It is management's opinion, however that all material adjustments
(consisting of normal recurring adjustments) have been made which are
necessary for a fair financial statements presentation. The results for
the interim period are not necessarily indicative of the results to be
expected for the year.
The Company is operating as a Development Stage Company and intends to
develop and/or construct telecommunication and internet networks in the Far
East including the People's Republic of China. The Company is also
considering operating in other parts of the world, including the United
States.
For further information, refer to the consolidated financial statements and
footnotes included in the company's Form 10KSB for the year ended September
30, 1998.
NOTE 2 - NOTES PAYABLE
- ----------------------
On November 1, 1998 and November 12, 1998, a current shareholder
of the Company executed two promissory notes for $30,000 each. The $60,000
note proceeds were deposited in their entirety into the Company's bank
accounts. Both notes are for a one-year period, can be prepaid or
extended, and bear interest at 5% per annum. If the notes are extended
past the maturity date, the interest rate will increase to 7% per annum.
On October 2, 1997 and October 27, 1997, June 1, 1998, August 1, 1998,
September 15, and September 30, 1998, current shareholders of the Company
had also executed five promissory notes for $60,000, $100,000, $10,000,
$21,000, $9,000 and $20,000, respectively, having the same terms and
conditions as the new notes. Therefore, as December 31, 1998, notes
payable aggregated $280,000.
NOTE 3 - AGREEMENT AND PLAN OF REORGANIZATION
- ---------------------------------------------
On November 9, 1998, the Company executed a Agreement and Plan of
Reorganization (the "Agreement") with IDN Telecom, Inc. ("IDN"), a
California corporation. The effective date of the Agreement is November
12, 1998 and the closing date of the Agreement is March 31, 1998, which can
be accelerated or extended with both parties' consents. If due diligence
was completed to the Company's satisfaction, the Company agreed to issue,
upon closing of the Agreement, 20,030,000 shares of common stock of the
Company to IDN's current shareholders in exchange for 100 percent of IDN's
common stocks outstanding.
After a careful due diligence review and analysis of IDN's representations
and financial information, the Company decided on February 11, 1999 to
rescind the Agreement, effective immediately.
<PAGE>
NOTE 4 - SUBSEQUENT EVENT
- -------------------------
On January 20, 1999, the Company entered into a Letter of Intent
to form a joint venture with two companies incorporated in the People's
Republic of China to provide satellite long distance backbone connections
and develop and provide fiber optic long distance backbone connections to
the China Education and Research Network ("CERNET"), and to cooperate in
developing network technology and its enhancement and network applications.

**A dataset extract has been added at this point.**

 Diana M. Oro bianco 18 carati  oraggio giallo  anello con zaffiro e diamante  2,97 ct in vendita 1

Under the terms of the Letter of Intent, the Company has agreed to make an
initial investment of $600,000 in the joint venture. The Company will
enter into a cooperation agreement which may require an additional
investment to obtain a 70% interest in the joint venture. If necessary,
the Company intends to borrow the funds to make such investment from its
current shareholders or through a offering or a private placement.
<PAGE>
PART II - MANAGEMENT'S DISCUSION AND ANALYSIS OR PLAN OF OPERATION
Results of Operation for the Three Months Ended December 31, 1998 as Compared to
- --------------------------------------------------------------------------------
the Three Months Ended December 31, 1997:
- -----------------------------------------
Operating expenses increased 236% from $35,989 during the three months ended
December 31, 1997 to $84,881 during the three months ended December 31, 1998.

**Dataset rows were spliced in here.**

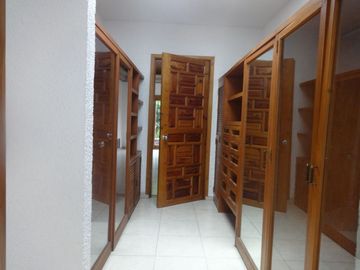 VENDO RESIDENCIA FRACC. COL. VISTA HERMOSA, CUERNAVACA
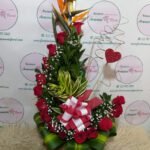 Caja con rosas, caja de flores, flores y licor, floristerias en bello, floristerias a domicilio en medellin, floristerias en bello, floristerias en belen, floristerias antioquia, floristeria copacabana, floristeria girardota, anchetas a domicilio, anchetas con dulces, anchetas con licor y dulces, ancheta con flores, anchetas con flores a domicilio, anchetas light, ramos para el dia de la madre, ramos para el dia del padre, ramos para el dia de los enamorados, regalo para enamorar, regalo de aniversario, ramo de flores de aniversario, ramillete de rosas, ramillete de girasoles, ramillete de lirios, lirios, rosas, girasoles, ramos funebres, floristeria funebre, ramos de condolencias, ramos de rosas y flores exoticas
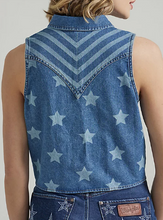Load image into Gallery viewer, Wrangler Woman&#39;s Denim Star Cutoff Top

The increase primarily related to an increase in legal and professional fees of
$24,107 relating to accounting matters and additional expenses incurred,
including travel expenses, in line with the Company's merger and proposed joint
venture projects.
The Company's net loss increased from $40,860 during the three months ended
December 31, 1997 to $87,415 during the three months ended December 31, 1998.
The increase in net loss primarily relates to the Company's continuing
development stage activities in line with the proposed merger and joint venture
projects and increased legal and professional fees.
Liquidity and Capital Resources and Certain Events Subsequent to September 30,
- ------------------------------------------------------------------------------
1998
- ----
The Company has not generated cash flow from operations to date. The Company's
current cash flow from operations is not capable of supporting existing business
operations in its present form. Since the beginning of its operation, the
Company has financed its development stage activities primarily through equity
investments and loans from its founding stockholders.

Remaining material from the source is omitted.